ASSIGNMENT: In the data below, find the line containing "FANZUZHEN | Almond Sea Salt Toffee Candy" and the line containing "매일성경 [Ra’s 아침묵상] 2021.09.27 출21:12-27", then reproduce them and every line between, exactly. Omit pictures.

MATERIAL PROVIDED:
[Start of section]

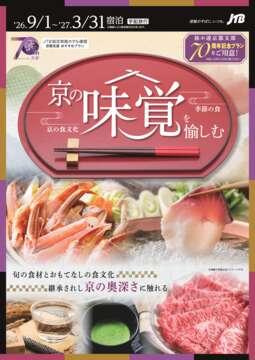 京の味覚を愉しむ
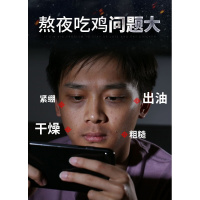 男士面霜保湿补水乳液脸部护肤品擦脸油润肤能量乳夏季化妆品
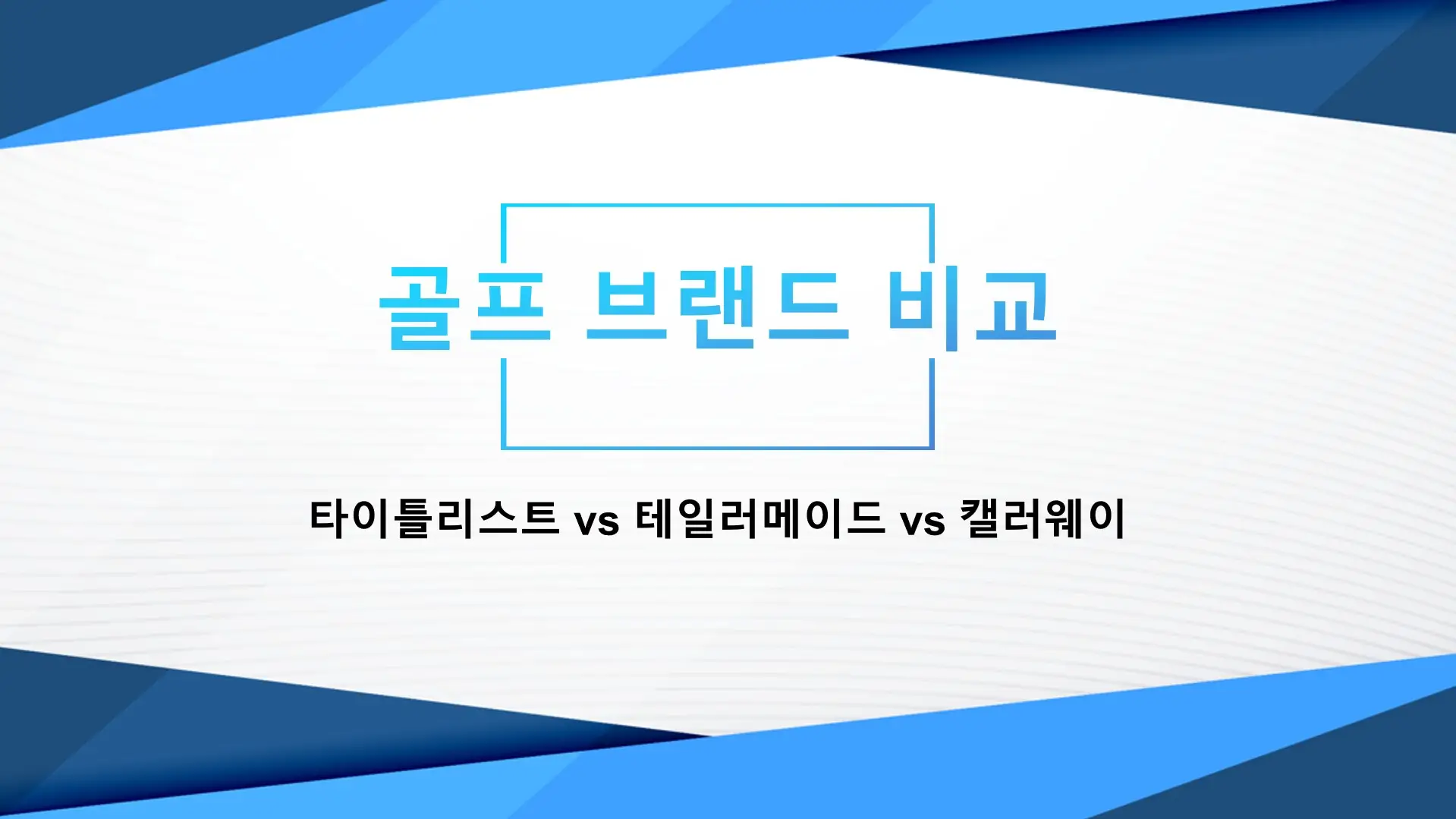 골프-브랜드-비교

[End of section]
[Start of section]

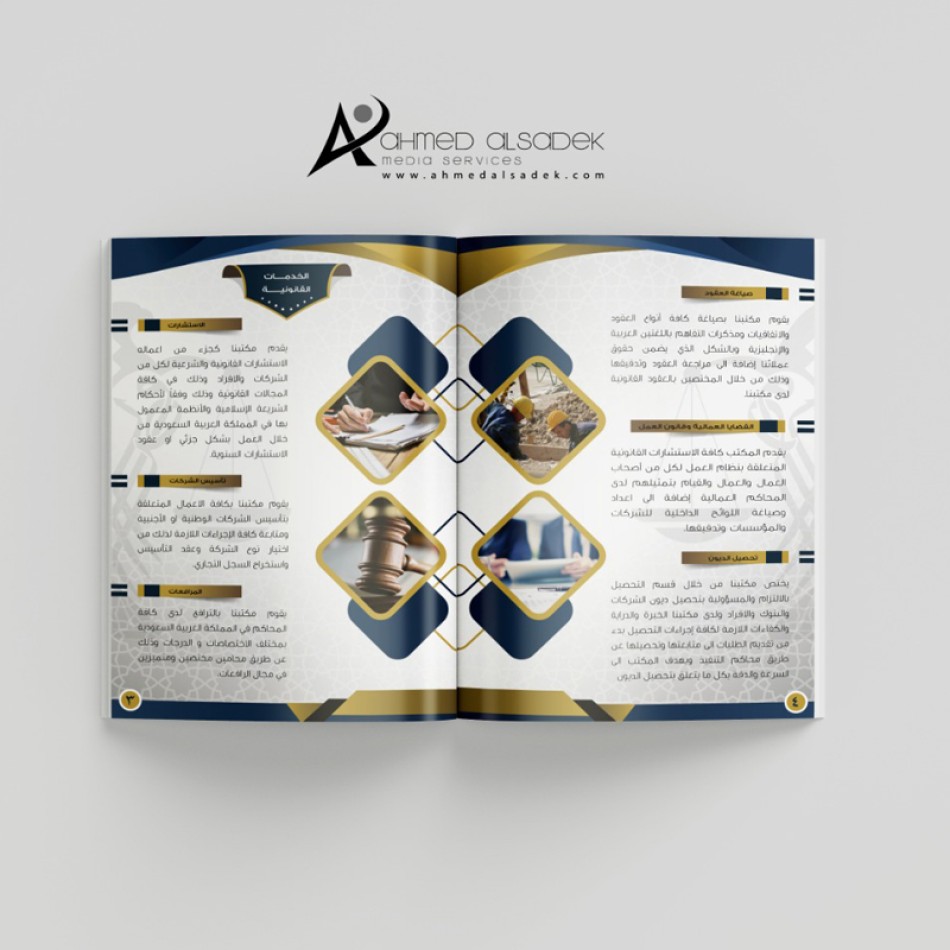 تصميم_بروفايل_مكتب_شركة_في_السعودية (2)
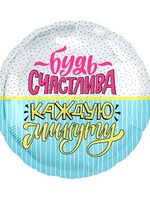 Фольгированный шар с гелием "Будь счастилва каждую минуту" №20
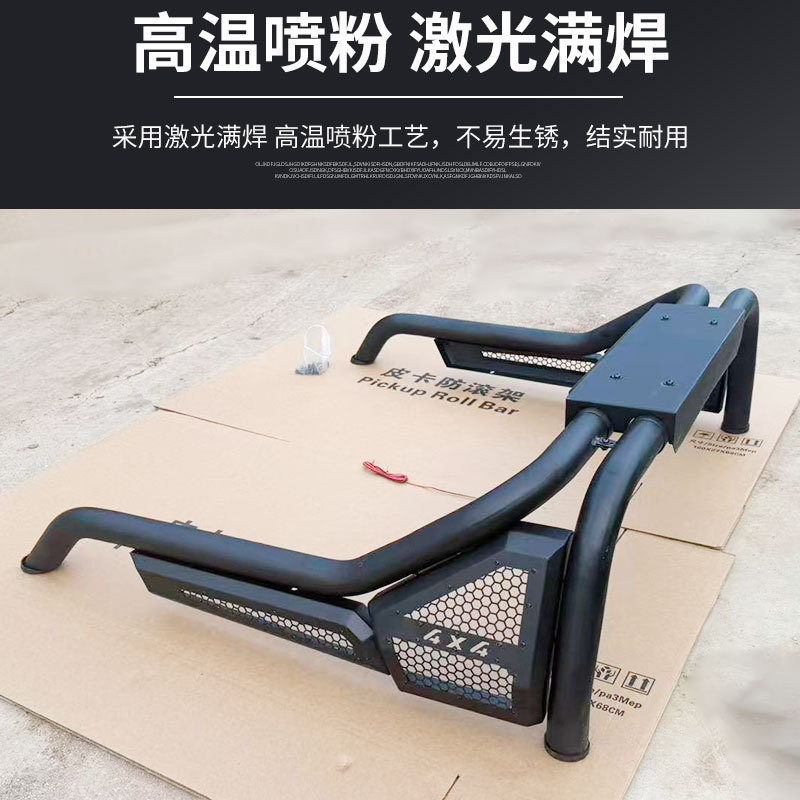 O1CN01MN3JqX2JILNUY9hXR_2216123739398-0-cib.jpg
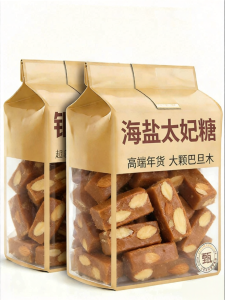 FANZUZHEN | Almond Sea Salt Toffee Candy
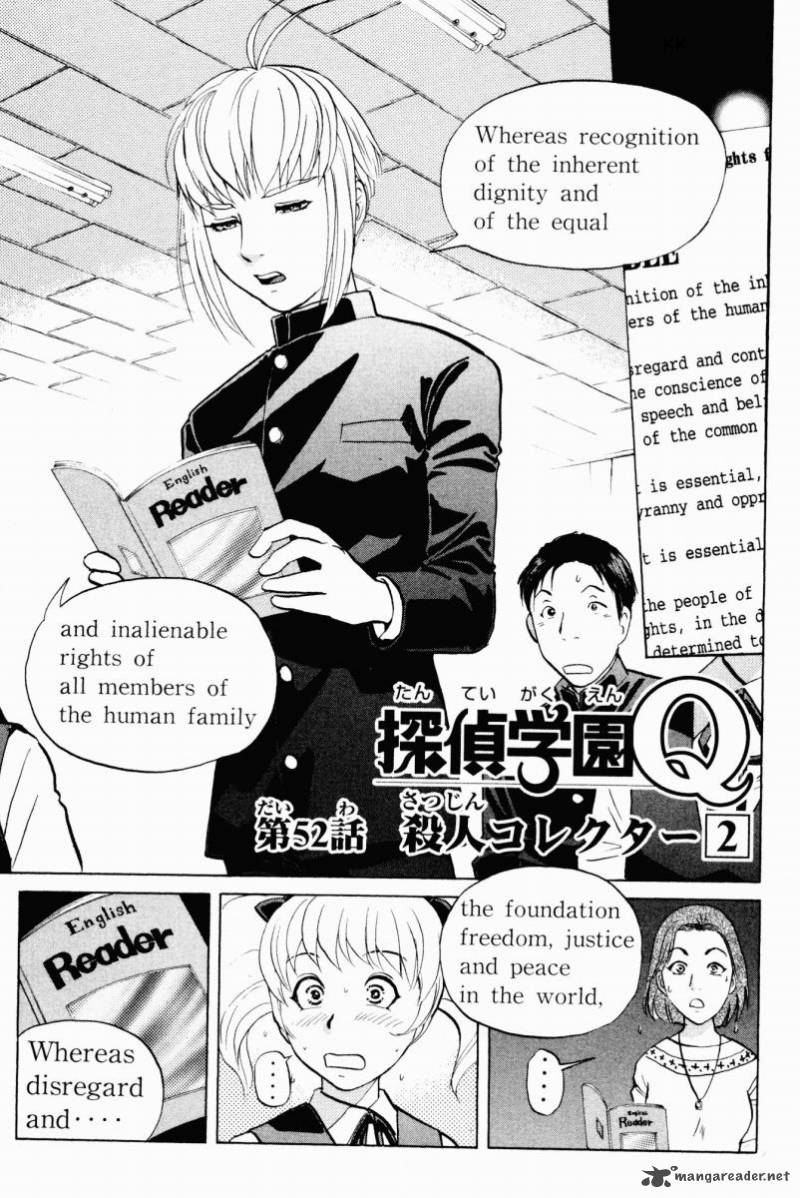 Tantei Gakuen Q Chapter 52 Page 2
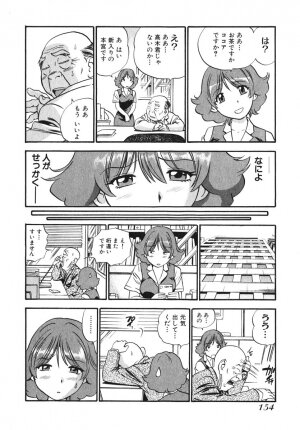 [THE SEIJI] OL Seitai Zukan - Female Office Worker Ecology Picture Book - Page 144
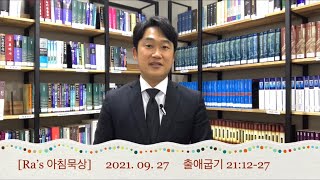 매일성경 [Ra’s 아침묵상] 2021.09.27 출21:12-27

[End of section]

RESULT OF THIS EXERCISE:
 FANZUZHEN | Almond Sea Salt Toffee Candy
 Tantei Gakuen Q Chapter 52 Page 2
 [THE SEIJI] OL Seitai Zukan - Female Office Worker Ecology Picture Book - Page 144
 매일성경 [Ra’s 아침묵상] 2021.09.27 출21:12-27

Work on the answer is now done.